If Reagan and the Bushes had not let the debt outrun GDP, the national debt would now be $9.2 Trillion lower. That's not much to ask since every other president from 1946 to 2009 actually held the debt to less than GDP growth.
To phrase the question most clearly: What would the debt be now if Reagan and the two Bushes had held the debt to a constant percent of GDP during their budget years?
If we answer that, it is a simple matter to subtract it from the actual debt, and find out how much debt was caused by their mishandling of federal budgets -- taxes and spending.

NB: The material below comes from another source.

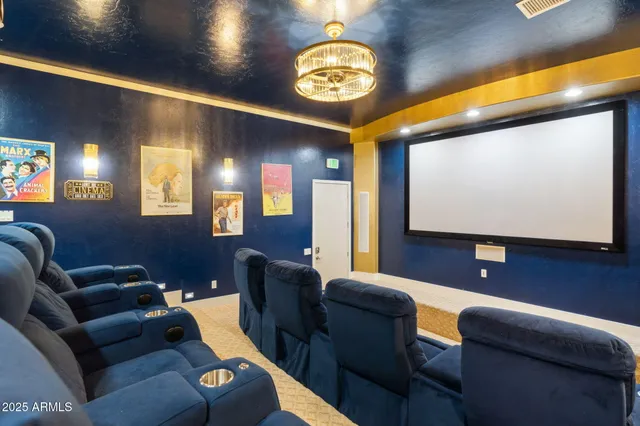 a room with furniture projector and screen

Reagan took office in Jan 1981, but Carter's last budget continued until Sept 30. Buy July, Reagan had passed his Fiscal-Year 1982 budget, which took effect on October 1, 1981. In the twelve years (covering Reagan and G.W.H. Bush) from FY'81 to FY'93 the dollar GDP increased by 115%.
If Reagan and GHW Bush had limited the dollar debt growth to that dollar GDP growth, the debt would have increased from $995 to $2,144 billion. But it actually increased to $4,351B, so the excess increase, for which we hold them responsible, was $2,207B. Of course Reagan claimed he would have the dollar debt going down, not up, by his forth year and thereafter.

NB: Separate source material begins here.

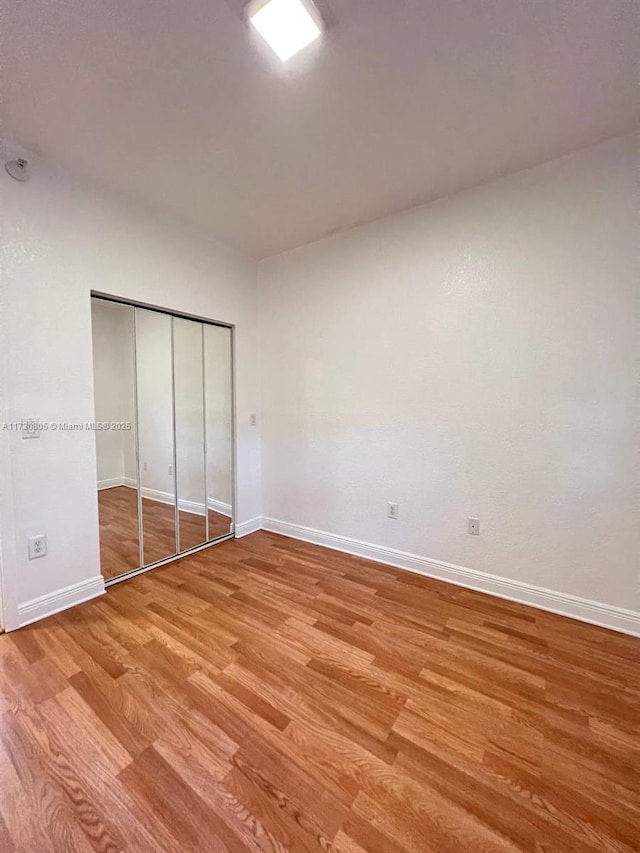 unfurnished bedroom with light hardwood / wood-style flooring and a closet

Without the extra $2,207B in debt there would have been less interest paid. Paying this interest slowed Clinton's progress against the debt. So to find out how much lower the debt could have been, we must add this interest to the Reagan-Bush debt. That interest compounded annually and averaged 6.56%. It increased their debt to $3,668B.
Since the actual debt was $5767B at that time, subtracting the Reagan-Bush debt shows it would have been only $2,101 without their debt surges. That would have been only 20.4% of GDP.
Now, as with Reagan and GHW Bush we assume that GW Bush should have kept debt at the same percent (20.4%) of GDP -- remember, Clinton reduce it 10%.
During GW Bush's terms, dollar GDP increased on 39%, so he should have held the debt to a 39% increase. It is important to remember our question: What would the debt be now if ...? So we take what the debt would have been just before GW Bush, in FY 2001, and escalate it by 39%. The result is $2,926B.
But the actual debt at the end of GW Bush's last budget year was $11,876B. From that we must subtract Obama's stimulus spending before Sept. 30, 2001. That was $36B. So at that time the Reagan-Bushes debt was $8,914.
The interest rate on the debt since then has been 3.3%, so their debt has now (Sept. 30, 2010) grown to $9,206B.